Permukaan baja canai panas akan membentuk lapisan oksida besi, yang tidak hanya memberikan ketahanan korosi tertentu pada baja, sehingga dapat disimpan di udara terbuka, tetapi juga menyebabkan permukaan menjadi lebih kasar dan fluktuasi dimensi yang lebih besar. Oleh karena itu, untuk baja dengan persyaratan tinggi untuk penyelesaian permukaan dan keakuratan dimensi, pengerolan dingin biasanya dilakukan berdasarkan produk setengah jadi atau produk jadi canai panas.
Keuntungan dari pengerolan panas antara lain kecepatan pembentukan yang cepat, hasil yang tinggi, dan kemampuan untuk menghasilkan berbagai bentuk penampang baja tanpa merusak lapisan. Selain itu, pengerolan panas dapat meningkatkan titik luluh baja secara signifikan dan meningkatkan sifat mekaniknya.
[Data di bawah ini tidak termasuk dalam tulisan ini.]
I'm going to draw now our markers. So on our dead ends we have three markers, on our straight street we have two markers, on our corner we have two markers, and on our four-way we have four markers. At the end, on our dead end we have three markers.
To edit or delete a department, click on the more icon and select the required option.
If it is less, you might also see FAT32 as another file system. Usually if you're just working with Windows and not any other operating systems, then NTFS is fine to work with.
titanium metal sheetIndustrial Titanium platetitanium sheet plate

 

 

Kedua, proses pengerolan dingin
Berbeda dengan pengerolan panas, pengerolan dingin adalah proses pengerolan baja pada suhu kamar. Meskipun pelat baja akan memanas selama pemrosesan, namun suhu keseluruhan masih dalam kisaran yang lebih rendah. Pengerolan dingin biasanya merupakan gulungan baja canai panas sebagai bahan baku, setelah pengawetan untuk menghilangkan kulit oksida, di pabrik penggilingan untuk pemrosesan tekanan, dan akhirnya mendapatkan gulungan keras yang digulung.
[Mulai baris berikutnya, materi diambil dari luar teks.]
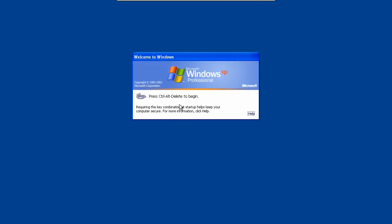Hi, welcome to another Windows tutorial. Today we're going to look at how to configure Microsoft Outlook 2003 to act as an exchange server. To start, log in as the user you want to configure this for.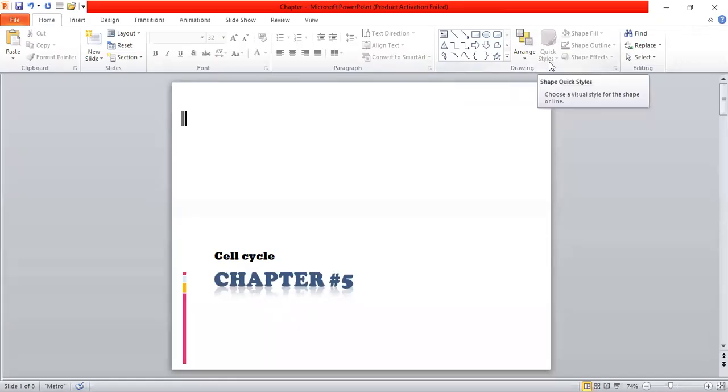Hello there, Assalamualaikum, this is Samia and a very warm welcome to all of you. In today's lecture we are going to discuss about the cell cycle.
Baja canai dingin memiliki permukaan akhir yang tinggi dan rasa halus, yang terutama disebabkan oleh proses pengawetan. Pada saat yang sama, kekuatan dan kekerasan baja canai dingin juga relatif tinggi, dengan plastisitas dan pemanjangan yang baik, sehingga banyak digunakan dalam industri otomotif, peralatan rumah tangga, dan perangkat keras.
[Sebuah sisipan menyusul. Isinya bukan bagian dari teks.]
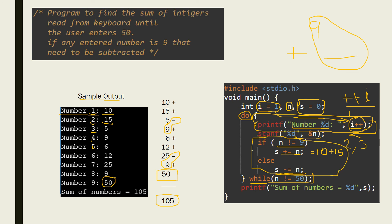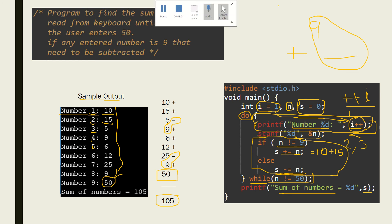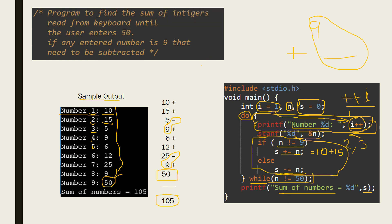On entering 50 at the end, the program exits the loop and prints the sum S. I hope you understood this. If you have any doubts you can write in the comment box or contact me. Thank you.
Keuntungan utama dari pengerolan dingin adalah dapat menghancurkan organisasi pengecoran ingot, menghaluskan butiran baja, dan menghilangkan cacat struktur mikro, sehingga meningkatkan sifat mekanik baja. Selain itu, pengerolan dingin juga dapat menghilangkan cacat seperti gelembung, retakan, dan kelonggaran yang terbentuk selama pengecoran sampai batas tertentu.
Ketiga, perbedaan antara pengerolan panas dan pengerolan dingin
1. perbedaan suhu: pengerolan panas pada suhu tinggi, sedangkan pengerolan dingin selesai pada suhu kamar. Inilah perbedaan paling signifikan antara kedua proses tersebut.
2. kualitas permukaan: permukaan akhir baja canai dingin tinggi, sedangkan baja canai panas relatif kasar.
3. Karakteristik kinerja: titik luluh baja canai panas lebih tinggi, tetapi kekuatan dan kekerasan baja canai dingin lebih tinggi. Selain itu, sifat pembentukan baja canai dingin lebih unggul dibandingkan baja canai panas.
Secara keseluruhan, pengerolan panas dan pengerolan dingin memiliki karakteristik dan keunggulannya masing-masing, pilihan prosesnya bergantung pada kebutuhan spesifik aplikasi dan persyaratan kinerja baja. Dengan memahami perbedaan dan karakteristik kedua proses ini, kita dapat memilih baja yang tepat untuk proyek tersebut dengan lebih baik.